===== STUDY MATERIAL =====
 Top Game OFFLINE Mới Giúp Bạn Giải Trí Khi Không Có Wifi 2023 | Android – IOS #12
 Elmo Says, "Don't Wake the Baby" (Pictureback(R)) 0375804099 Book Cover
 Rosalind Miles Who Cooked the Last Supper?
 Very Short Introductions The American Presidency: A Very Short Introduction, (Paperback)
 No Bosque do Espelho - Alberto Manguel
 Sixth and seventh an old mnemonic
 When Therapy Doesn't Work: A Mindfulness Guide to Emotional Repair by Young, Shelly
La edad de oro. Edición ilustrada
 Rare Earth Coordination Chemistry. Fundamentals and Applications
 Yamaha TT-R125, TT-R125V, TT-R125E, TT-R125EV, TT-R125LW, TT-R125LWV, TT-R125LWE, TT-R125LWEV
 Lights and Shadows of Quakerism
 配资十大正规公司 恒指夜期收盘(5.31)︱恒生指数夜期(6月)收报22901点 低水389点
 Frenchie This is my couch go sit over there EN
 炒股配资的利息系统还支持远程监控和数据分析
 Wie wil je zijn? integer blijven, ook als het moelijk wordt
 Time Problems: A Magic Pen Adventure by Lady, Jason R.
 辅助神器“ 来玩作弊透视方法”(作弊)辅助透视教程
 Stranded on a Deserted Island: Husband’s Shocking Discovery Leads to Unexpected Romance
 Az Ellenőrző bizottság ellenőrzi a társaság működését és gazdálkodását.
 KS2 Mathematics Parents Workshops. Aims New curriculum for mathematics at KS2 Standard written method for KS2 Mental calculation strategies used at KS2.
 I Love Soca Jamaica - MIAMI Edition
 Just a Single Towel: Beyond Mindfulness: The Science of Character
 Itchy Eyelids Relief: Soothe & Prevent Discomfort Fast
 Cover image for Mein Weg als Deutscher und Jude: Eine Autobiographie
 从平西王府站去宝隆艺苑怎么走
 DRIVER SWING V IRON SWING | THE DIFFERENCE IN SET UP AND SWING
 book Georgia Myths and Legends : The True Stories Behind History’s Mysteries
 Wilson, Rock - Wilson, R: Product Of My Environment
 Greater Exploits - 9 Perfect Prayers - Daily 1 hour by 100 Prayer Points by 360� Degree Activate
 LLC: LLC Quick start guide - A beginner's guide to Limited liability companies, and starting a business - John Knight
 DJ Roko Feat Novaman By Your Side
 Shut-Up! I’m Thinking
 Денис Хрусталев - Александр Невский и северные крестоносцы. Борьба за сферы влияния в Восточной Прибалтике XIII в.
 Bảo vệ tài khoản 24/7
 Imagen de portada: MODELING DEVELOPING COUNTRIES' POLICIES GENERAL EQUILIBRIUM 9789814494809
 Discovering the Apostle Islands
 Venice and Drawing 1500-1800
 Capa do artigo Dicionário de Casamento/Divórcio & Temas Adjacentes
=====
INSTRUCTIONS FOR THE TASK:
Print the first line of the records above and each line after it, exactly, through the line with "book Georgia Myths".

EXPECTED ANSWER:
 Top Game OFFLINE Mới Giúp Bạn Giải Trí Khi Không Có Wifi 2023 | Android – IOS #12
 Elmo Says, "Don't Wake the Baby" (Pictureback(R)) 0375804099 Book Cover
 Rosalind Miles Who Cooked the Last Supper?
 Very Short Introductions The American Presidency: A Very Short Introduction, (Paperback)
 No Bosque do Espelho - Alberto Manguel
 Sixth and seventh an old mnemonic
 When Therapy Doesn't Work: A Mindfulness Guide to Emotional Repair by Young, Shelly
La edad de oro. Edición ilustrada
 Rare Earth Coordination Chemistry. Fundamentals and Applications
 Yamaha TT-R125, TT-R125V, TT-R125E, TT-R125EV, TT-R125LW, TT-R125LWV, TT-R125LWE, TT-R125LWEV
 Lights and Shadows of Quakerism
 配资十大正规公司 恒指夜期收盘(5.31)︱恒生指数夜期(6月)收报22901点 低水389点
 Frenchie This is my couch go sit over there EN
 炒股配资的利息系统还支持远程监控和数据分析
 Wie wil je zijn? integer blijven, ook als het moelijk wordt
 Time Problems: A Magic Pen Adventure by Lady, Jason R.
 辅助神器“ 来玩作弊透视方法”(作弊)辅助透视教程
 Stranded on a Deserted Island: Husband’s Shocking Discovery Leads to Unexpected Romance
 Az Ellenőrző bizottság ellenőrzi a társaság működését és gazdálkodását.
 KS2 Mathematics Parents Workshops. Aims New curriculum for mathematics at KS2 Standard written method for KS2 Mental calculation strategies used at KS2.
 I Love Soca Jamaica - MIAMI Edition
 Just a Single Towel: Beyond Mindfulness: The Science of Character
 Itchy Eyelids Relief: Soothe & Prevent Discomfort Fast
 Cover image for Mein Weg als Deutscher und Jude: Eine Autobiographie
 从平西王府站去宝隆艺苑怎么走
 DRIVER SWING V IRON SWING | THE DIFFERENCE IN SET UP AND SWING
 book Georgia Myths and Legends : The True Stories Behind History’s Mysteries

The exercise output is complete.